**Aim of the task:**
Output, exactly as written, the lines below starting at the line containing "a tanned with" and ending at the line containing "EAGLE 30A-125/250V 3-P,4-WIRE". Drop the pictures and keep both end lines.
[Raw data — start]
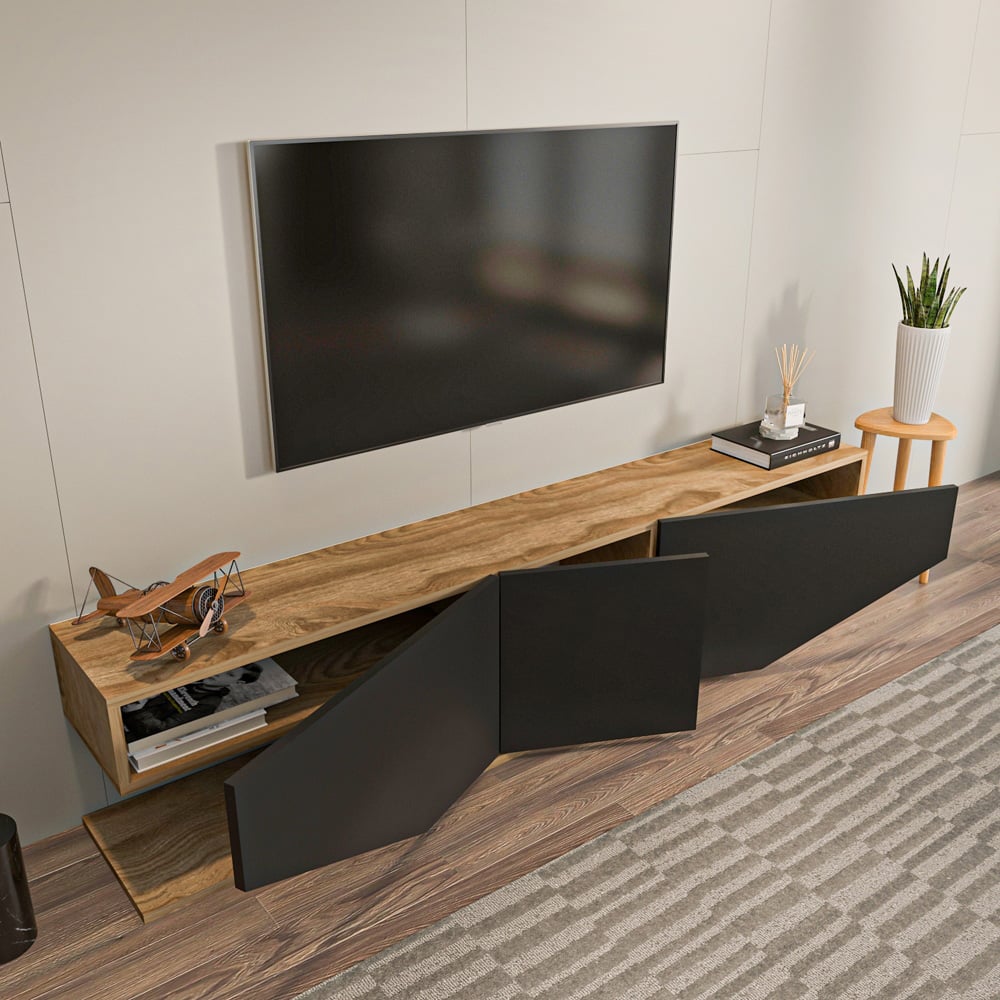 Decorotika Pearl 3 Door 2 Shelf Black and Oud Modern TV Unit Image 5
[Raw data — finish]
[Raw data — start]
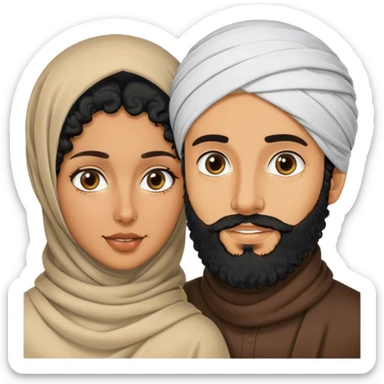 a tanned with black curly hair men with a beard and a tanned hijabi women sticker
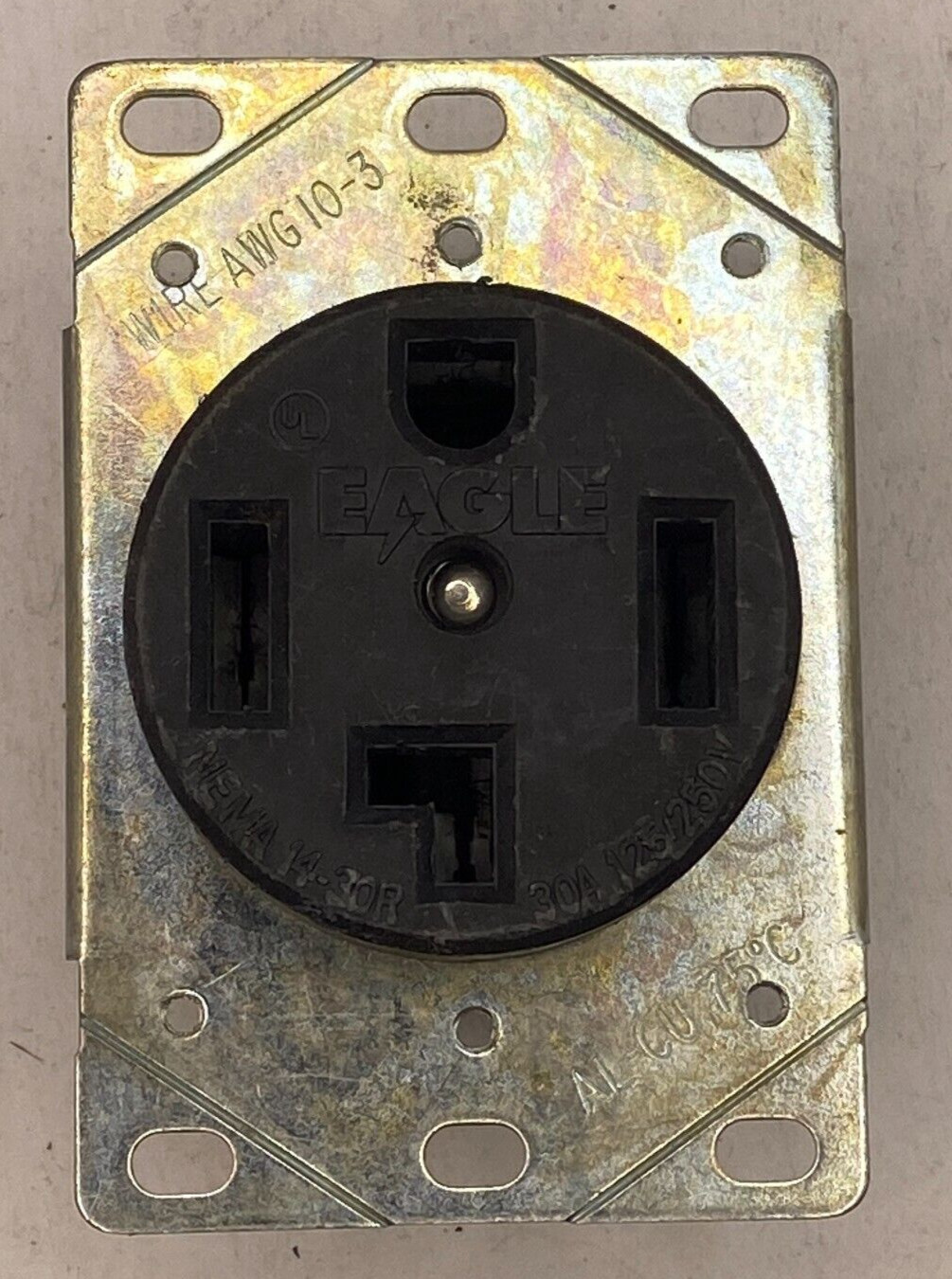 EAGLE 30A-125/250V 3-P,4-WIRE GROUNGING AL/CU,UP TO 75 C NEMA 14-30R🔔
[Raw data — finish]
**Result for this task:**
 a tanned with black curly hair men with a beard and a tanned hijabi women sticker
 EAGLE 30A-125/250V 3-P,4-WIRE GROUNGING AL/CU,UP TO 75 C NEMA 14-30R🔔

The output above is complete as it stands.